A researcher’s quest to make heat pumps frost-free

A Saskatchewan researcher is looking for ways to help heat pumps stay frost-free in the cold.

Amirreza Mahmoudi, a doctoral candidate at the University of Saskatchewan, said that while heat pump technology is improving, frost is proving to be a formidable enemy because it sticks to the coils and reduces performance during freezing winters.

Heat pumps, which act as heaters in the winter and air conditioners in the summer, are becoming an increasingly popular trade-in for homes that run on natural gas or oil. Fossil fuel heating systems can reach up to 98 percent efficiency, while heat pumps can be between 200 and 540 percent efficient because they transfer heat rather than generate it.

Because they use much less electricity and do not run on fossil fuels, heat pumps are an important way to reduce emissions, especially as Canada moves toward its 2050 net-zero emissions goal.

Mahmoudi’s research focuses on finding a solution to modernize heat pumps that are already manufactured and make them frost-resistant. The most promising so far is a membrane attached to the outside of a heat pump to prevent frost.

Heat pumps typically look like air conditioners and are located outside a home. The refrigerant fluid runs through exterior coils, transferring heat from the outside air to the interior of the house. In humid climates, like Atlantic Canada, condensation can stick to those coils and freeze.

Heat pumps have a defrost cycle to solve the problem of frost buildup. When it is very cold and frost accumulates, heat pumps turn off and go into defrost mode. When that happens, a backup heat source, such as oil, gas, or electricity, is turned on. While some heat pumps can operate without backup sources, cold climates typically require them; Otherwise, cold air enters homes during the defrost cycle without heat to replace it.

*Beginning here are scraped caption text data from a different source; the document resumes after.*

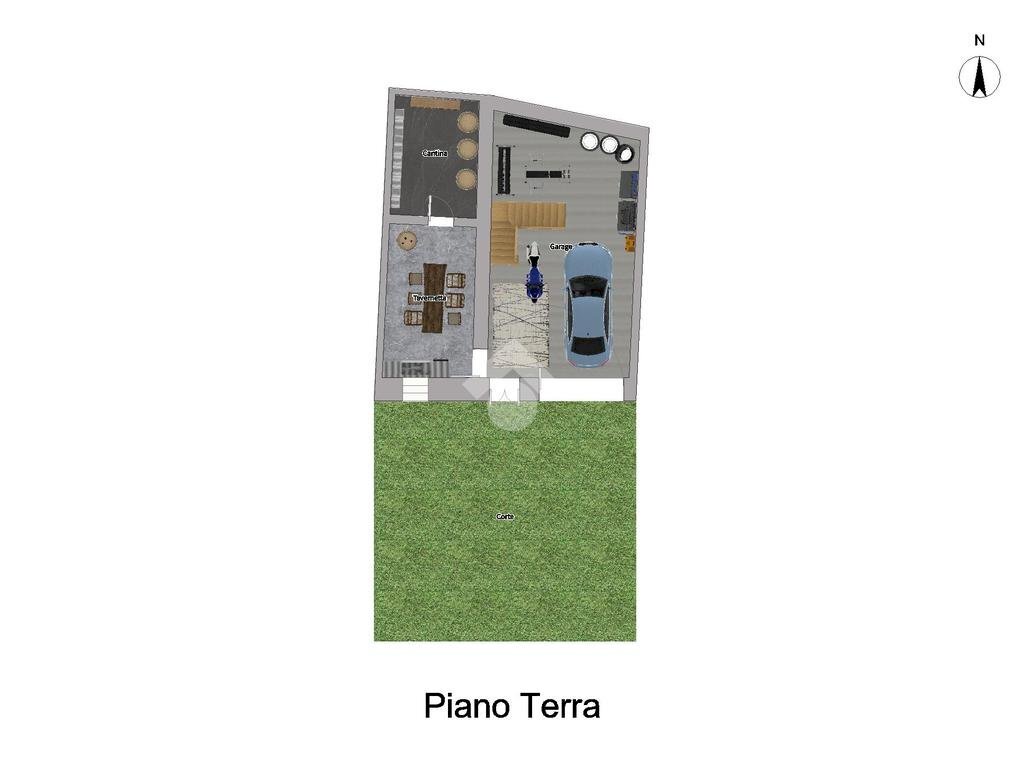 Casa semi indipendente Località Grange de Barme, Chatillon - planimetria 1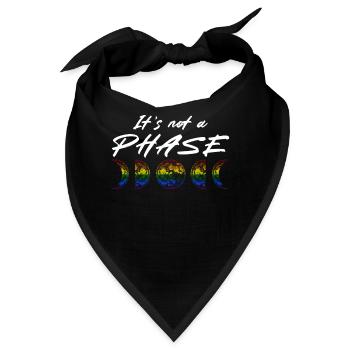 Gegen Rassismus! Für Politik Menschenrechte Liebe - Bandana - Schwarz - Vorne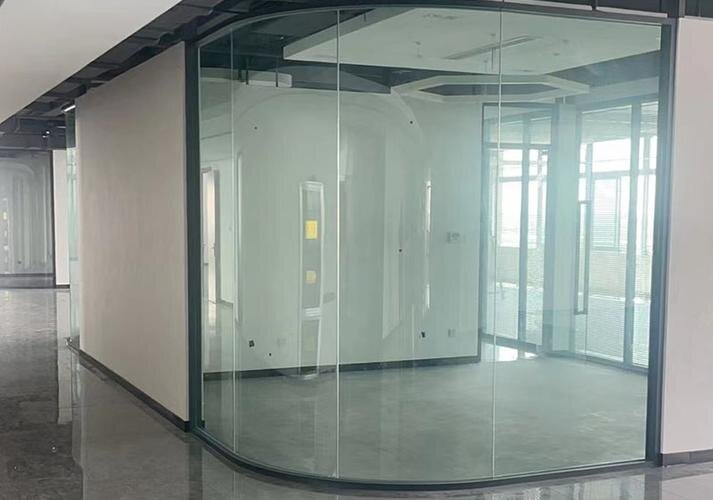 峄城区异形展柜玻璃弧形玻璃 - 价格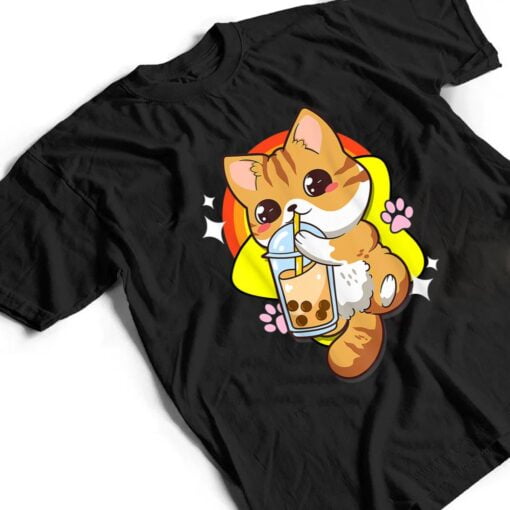 Boba Tea Bubble Tea Cat Anime Kawaii Neko Lover Japanese T Shirt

Reducing frost on heat pumps would reduce the need for backup heat sources and at the same time reduce emissions and, as a result, home heating bills, explains Mahmoudi. He says the key to a frost-free system could be covering the coils with membrane energy exchangers, which have small pores to allow air but not moisture to pass through. Inside the exchanger is a liquid desiccant, much like the silica gel packets you might find in a box of new electronics, to absorb moisture.

These membranes have been shown to prevent frost formation in other machines such as air conditioners, but have not yet been used with heat pumps, Mahmoudi said.

The research focuses on finding a solution to modernize the heat pumps that are already manufactured and make them frost-resistant. The most promising so far? Membrane attached to the outside of a heat pump to prevent frost.

“We just have to figure out how to combine these two things, membrane energy exchangers and heat pumps, so that they work as a single device that can be marketed,” he explained.

“It’s important because when you think about commercial products, you have to think about all the capabilities of the manufacturer and their profitability.”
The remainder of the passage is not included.